Ready to upgrade to the Engaged Headline Testing tool? Let your account manager know—or shoot us a note to learn more.


Headline Testing 101

WHAT SHOULD MY EXPERIMENTS LOOK LIKE?

Since a headline test is an experiment, you should structure it that way — hypothesis, variables, results, and conclusions.

1. Leverage your own experience and insight. When deciding on headline variants, consider what kinds of headlines have been successful in the past. Maybe one that’s interrogative, one with numbers, and another written in the second person.

2. It’s multivariate headline testing after all, you’re not limited to two choices. Pick a series of different kinds of headlines, at least 4 or 5. And make sure they’re different.

3. Make sure your headlines are different. You’re testing to see how your audience reacts to different styles and tones, not slight changes in word order or punctuation.

4. Analyze your results. Look back at those headline writing strategies you started with. Were your hypotheses correct? Every time an experiment completes, you have a chance to learn a little bit more about your audience’s preferences and how they respond to different styles of headlines. Which approaches were more successful? Under what conditions? Do certain approaches work better against certain content topics (e.g. sports or tech or entertainment)?

Chartcorps Insight: High clicks with low engagement might mean that the headline didn’t communicate the message of the article. Is your headline too sensational, too much of a stretch? Low clicks with high engagement can tell you that the article could use more exposure. Have you shared it on social media, are you linking to it from your home page or other article pages?

5. Apply your findings time and time again. Some of the best headline testers write wrap reports and have daily meetings to go over results. Creating and sharing a summary of the insights you gained from previous experiments helps all editors and content producers benefit and learn.

6. Test again.
And again. Test deliberately and in ways that confirm or deny a single hypotheses.


WHAT ELSE SHOULD I KNOW ABOUT ENGAGED HEADLINE TESTING?

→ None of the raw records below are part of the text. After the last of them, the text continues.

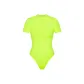 Neon Green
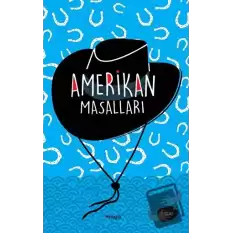 Amerikan Masalları (Özel Ayracıyla)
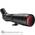 Зрительная труба Carl Zeiss Harpia 23–70x95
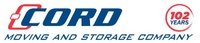 Cord Moving and Storage Company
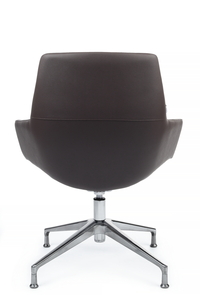 Кресло для персонала Spell-ST 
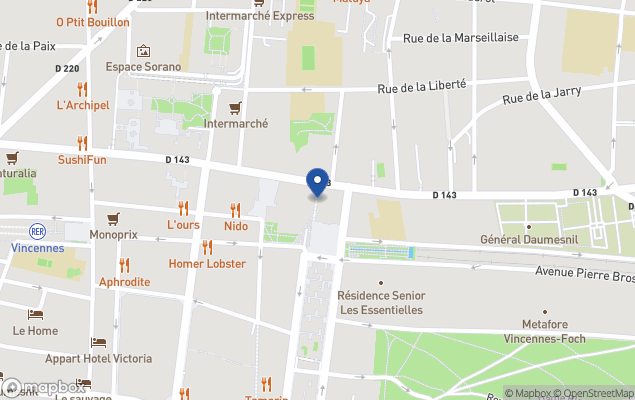 guy hoquet l'immobilier - sarl abk group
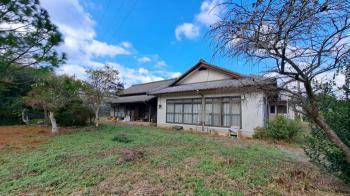 Kagawa Housing Net Search Results List | Kagawa Migration Portal Site Kagawa Living — Image 1, Zentsuji, Kagawa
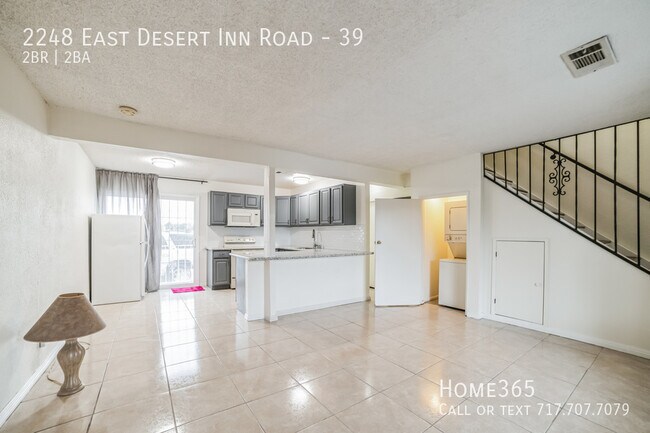 Foto del edificio - Vibrant Stylish 2-Bed 1.5 Bath Residence a...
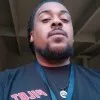 Rodney Reed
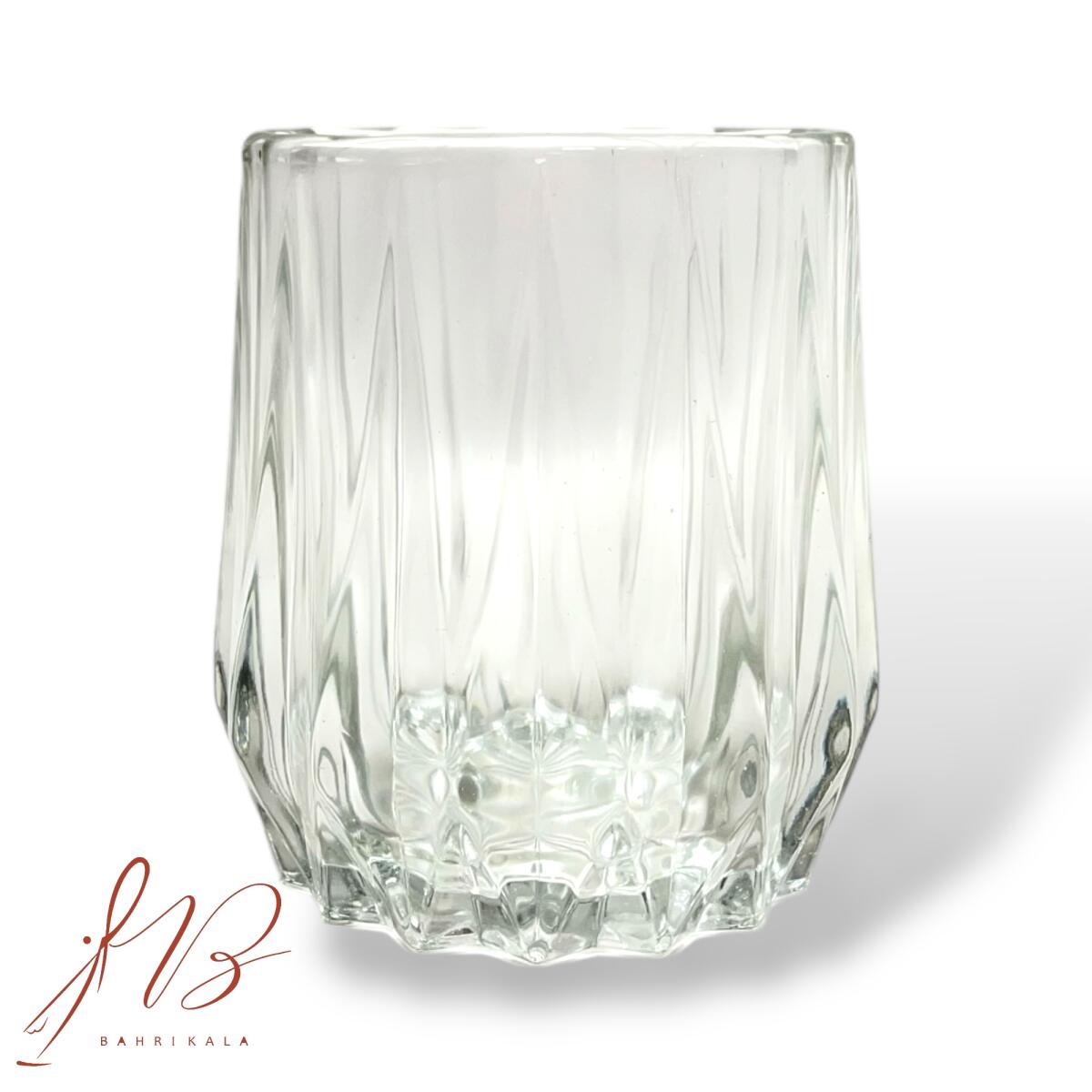 جاقاشقی مودنا برند ساکورا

  • Always be testing — since there’s no limit on how many experiments you can run at the same time, you always have the opportunity to learn from your audience’s behavior.
  • Know which audience you’re testing — homepage audiences are usually loyal and visitors from social tend to be new, so it’s likely they’ll prefer different headlines.
  • Don’t stop tests prematurely — it might be tempting to stop a test when one headline quickly takes the lead, but you’re likely to see cases where the tides shift halfway through the experiment and the initial success trails off.
  • Don’t get discouraged by a tie — it’s possible that two great headlines are attracting similar levels of engagement. If you’re frequently seeing similar results, it might be that the headlines you’re testing are too similar.
  • Higher traffic pages will turn results faster — since experiments are based on how many clicks your articles are getting, a bigger audience means more clicks.